Так что сборник, выпущенный «Новым литературным обозрением», следует признать своего рода запоздалым извинением постсоветских книгоиздателей перед блестящим русским фельетонистом. Правда, «воспоминаниями», вопреки обложке, эта книга не является, поскольку мемуаров журналист не написал. В книгу вошли несколько десятков фельетонов, написанных Дорошевичем в память либо о своих современниках, либо о «прошлых временах» его детства и юности.

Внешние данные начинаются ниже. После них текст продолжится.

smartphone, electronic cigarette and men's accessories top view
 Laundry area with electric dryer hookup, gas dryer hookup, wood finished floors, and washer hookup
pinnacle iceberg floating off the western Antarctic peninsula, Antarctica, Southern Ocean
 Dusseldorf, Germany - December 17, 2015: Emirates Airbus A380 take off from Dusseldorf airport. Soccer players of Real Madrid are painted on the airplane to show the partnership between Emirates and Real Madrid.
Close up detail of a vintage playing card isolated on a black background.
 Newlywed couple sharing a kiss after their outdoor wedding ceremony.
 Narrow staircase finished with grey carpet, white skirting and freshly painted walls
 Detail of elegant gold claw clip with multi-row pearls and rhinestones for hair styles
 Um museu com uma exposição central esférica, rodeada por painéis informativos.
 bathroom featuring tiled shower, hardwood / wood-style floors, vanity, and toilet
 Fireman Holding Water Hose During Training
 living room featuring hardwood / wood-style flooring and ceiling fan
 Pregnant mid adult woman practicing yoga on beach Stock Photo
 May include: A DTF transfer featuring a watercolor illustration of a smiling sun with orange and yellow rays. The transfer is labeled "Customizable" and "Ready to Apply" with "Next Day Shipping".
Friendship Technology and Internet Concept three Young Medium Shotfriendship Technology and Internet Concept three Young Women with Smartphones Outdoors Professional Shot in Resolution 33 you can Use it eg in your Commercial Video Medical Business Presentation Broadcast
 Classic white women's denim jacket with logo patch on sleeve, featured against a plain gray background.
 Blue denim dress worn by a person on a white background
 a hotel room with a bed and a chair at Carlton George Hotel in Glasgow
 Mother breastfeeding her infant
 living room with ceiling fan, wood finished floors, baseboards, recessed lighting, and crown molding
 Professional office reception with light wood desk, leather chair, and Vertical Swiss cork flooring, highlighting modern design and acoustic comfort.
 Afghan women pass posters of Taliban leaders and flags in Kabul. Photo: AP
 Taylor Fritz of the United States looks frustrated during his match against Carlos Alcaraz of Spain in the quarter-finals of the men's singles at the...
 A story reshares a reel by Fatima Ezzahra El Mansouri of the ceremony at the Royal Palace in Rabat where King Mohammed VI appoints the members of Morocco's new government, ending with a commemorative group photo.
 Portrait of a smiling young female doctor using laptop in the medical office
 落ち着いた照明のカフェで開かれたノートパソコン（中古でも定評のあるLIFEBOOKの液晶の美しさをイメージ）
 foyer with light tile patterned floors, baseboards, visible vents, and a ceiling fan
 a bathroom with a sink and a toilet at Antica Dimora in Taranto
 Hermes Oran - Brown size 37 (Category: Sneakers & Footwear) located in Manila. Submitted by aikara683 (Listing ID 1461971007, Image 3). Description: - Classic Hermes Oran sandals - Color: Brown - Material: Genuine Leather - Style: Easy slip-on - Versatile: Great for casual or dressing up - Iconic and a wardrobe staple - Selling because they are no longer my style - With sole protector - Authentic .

Некоторые из них печатались и в советских изданиях – например, воспоминания о любительских московских театрах или русских актерах конца позапрошлого – начала прошлого века (в юности Дорошевич был актером-любителем, а затем много лет — театральным критиком).
Тогда Москва была полна любительскими кружками.
Публики не было. Все были актерами. Все играли.
В каждой гимназии было по нескольку любительских кружков.
Вы учились больше в Секретаревке и Немчиновке <московские любительские театры>, чем в гимназии.
Однако многое, кажется, переиздано впервые: очерки о московских купцах, промышленниках и меценатах, воспоминания о деятелях суда и адвокатуры. Кое-что в советские времена просто нельзя было переиздать – скажем, некролог о. Иоанна Кронштадтского, которого Дорошевич, решительно расходясь с ним в политических воззрениях (он был либералом, о. Иоанн – черносотенцем), тем не менее, глубоко чтил за искреннюю веру.
Скромный батюшка, любящий, кроткий и верующий, верующий той вере, которая «горами двигает».
Затем появился другой о. Иоанн Кронштадтский.
Уже митрофорный архиерей.
Воинствующий, анафемствующий, делающий политику.
Когда в Кишиневе произошел ужас, от которого содрогнулся весь христиански-цивилизованный мир – тот, первый, послал телеграмму с сочувствием жертвам, с осуждением зверям.
Второй поспешил послать за этой телеграммой:
- Опровержение.
Политик остановил батюшку.
Издание НЛО, в отличие от советских сборников, обладает еще одним несомненным достоинством: все фельетоны снабжены большим количеством примечаний. В них описываются реалии конца XIX – начала XX века, раскрываются многочисленные инициалы (которых у Дорошевича немало, так как тогда было принято заменять фамилии и имена первыми буквами), и вообще рассказано, «кто все эти люди». Это очень помогает даже тем, кто серьезно интересуется русской историей того времени. Поскольку, прочитав, скажем, про «корреспондентку, потом антрепренершу, потом деятельницу «Союза русского народа» Ш.», даже специалист не сразу сообразит, что речь идет о Елизавете Александровне Шабельской, авторе романа «Сатанисты ХХ века»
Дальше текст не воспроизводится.